Müller ist ein klassischer zentraler Mittelfeldspieler mit deutlicher Tendenz zur Sechs. Er fordert Bälle, beteiligt sich am Aufbau und versucht das Spiel aus der Tiefe zu strukturieren. Gleichzeitig arbeitet er intensiv gegen den Ball. Mit 1,73 Metern ist er nicht der große körperliche Abräumer vor der Abwehr – seine Qualitäten liegen vielmehr in Beweglichkeit, Antizipation, Passspiel und der Verbindung zwischen Defensive und Mittelfeld.
Interessant ist dabei, dass Müller selbst bereits offen darüber gesprochen hat, wie unterschiedlich die Anforderungen auf der Doppel-Sechs und als alleiniger Sechser sind. Gerade als alleiniger Mann vor der Abwehr müsse man viele Räume schließen und deutlich mehr Laufarbeit leisten. Beim KSC gelang ihm diese Rolle nicht immer so konstant wie erhofft.
Auch das gehört zur Wahrheit dieses Transfers.
Fortuna bekommt keinen fertigen Wunderheiler, sondern einen Spieler, der in Karlsruhe zuletzt nicht mehr unumstritten war. Der KSC hatte seine Position neu besetzt und Müller für einen Wechsel freigegeben. Für Düsseldorf könnte genau dieser Neustart aber interessant sein – denn der 26-Jährige hat bereits gezeigt, dass er auf diesem Niveau und gerade in der 3. Liga funktionieren kann.
SEINE VITA
Andreas Müller wurde am 20. Juli 2000 in Sinsheim geboren. In der Jugend spielte er unter anderem acht Jahre für die TSG Hoffenheim, ehe sein Weg über Astoria Walldorf in den Profifußball führte.
2020 holte ihn der 1. FC Magdeburg aus der Regionalliga. Dort entwickelte sich Müller schnell zum Stammspieler und gehörte 2021/22 zur Mannschaft, die souverän Meister der 3. Liga wurde und in die 2. Bundesliga aufstieg.
Insgesamt absolvierte er 95 Pflichtspiele für Magdeburg, erzielte neun Tore und bereitete fünf weitere Treffer vor.

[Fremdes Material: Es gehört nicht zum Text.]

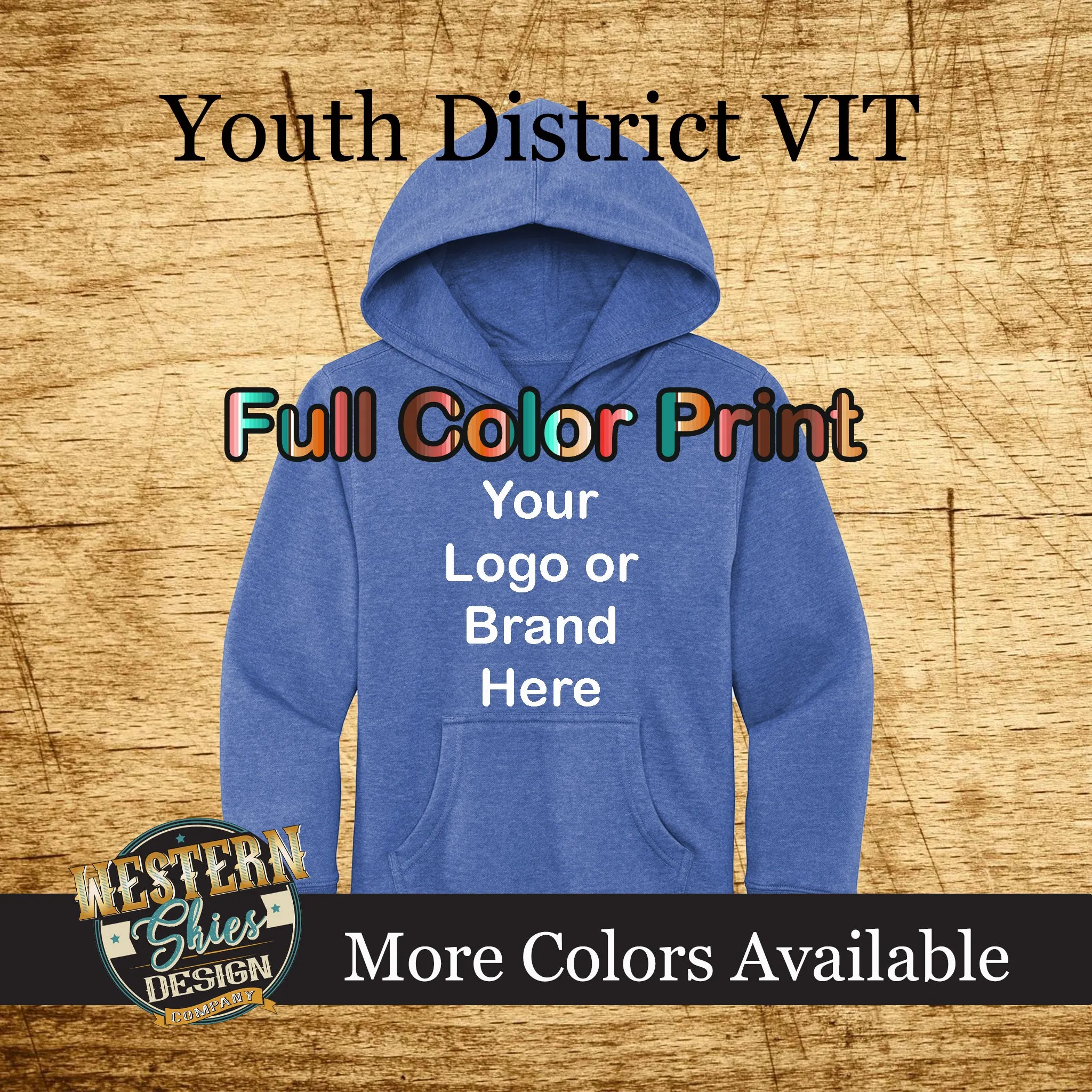 District YOUTH VIT Cotton Fleece Crew Sweatshirt - Custom Printed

2023 folgte der nächste große Schritt: Bundesliga-Aufsteiger Darmstadt 98 verpflichtete Müller. Für die Lilien feierte er sein Bundesliga-Debüt und sammelte später auch weitere Zweitliga-Erfahrung. Zwei Jahre später wechselte er zum Karlsruher SC.

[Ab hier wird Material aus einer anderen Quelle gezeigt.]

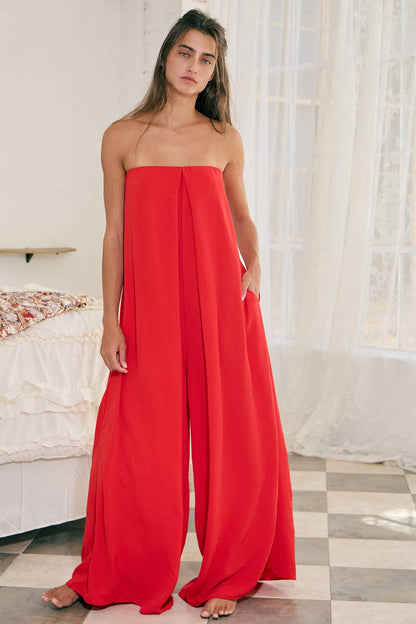 BUCKETLIST - Strapless Flowy Jumpsuit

Beim KSC absolvierte Müller in der vergangenen Saison 25 Pflichtspiele. Insgesamt stehen für ihn mittlerweile 74 Einsätze in der 2. Bundesliga und elf Bundesliga-Partien zu Buche. Die 3. Liga kennt er ohnehin bestens aus seiner erfolgreichen Magdeburger Zeit.
WARUM DIESER TRANSFER FÜR FORTUNA SINN MACHT
Nach Mannheim wurde viel über Fortunas fehlende Intensität und die mangelnde Kontrolle im Zentrum gesprochen. Marcel Benger hatte beim Saisonauftakt Schwierigkeiten, während der gesperrte Hendrix schmerzlich vermisst wurde. Gleichzeitig kann man einem 17-jährigen Elias Arden nicht bereits die komplette Verantwortung für das defensive Mittelfeld eines Aufstiegsfavoriten aufladen.

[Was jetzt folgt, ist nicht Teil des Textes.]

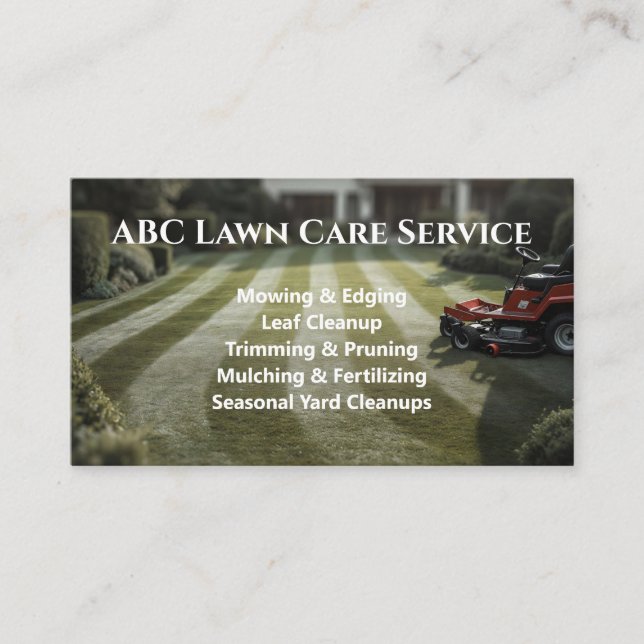 Lawnpro Premium Service Business Card (Front)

Mit Müller besitzt Alexander Ende nun eine weitere Lösung.
Er kann neben Hendrix spielen, ihn ersetzen oder – abhängig vom System – auch gemeinsam mit einem offensiveren Achter eingesetzt werden. Das erhöht den Konkurrenzkampf und gibt dem Trainer die Möglichkeit, sein Zentrum je nach Gegner unterschiedlich aufzubauen.
Besonders interessant: Müller kennt den Aufstieg aus dieser Liga bereits. Er weiß, dass die 3. Liga selten nur über spielerische Qualität entschieden wird. Zweite Bälle, Intensität, Pressingresistenz und die Bereitschaft, auch einmal ein dreckiges Spiel anzunehmen, gehören dazu.
Dass er diesen Weg kennt ist ein Vorteil.
Und vielleicht ist Andreas Müller deshalb genau die Art Transfer, die Fortuna nach dem ersten kleinen Realitätscheck gebraucht hat.
Kein großer Name für das Schaufenster.
Sondern ein Spieler für eine Position, auf der Spiele kontrolliert – und manchmal eben auch gewonnen werden.
Herzlich willkommen bei der Fortuna, Andreas Müller!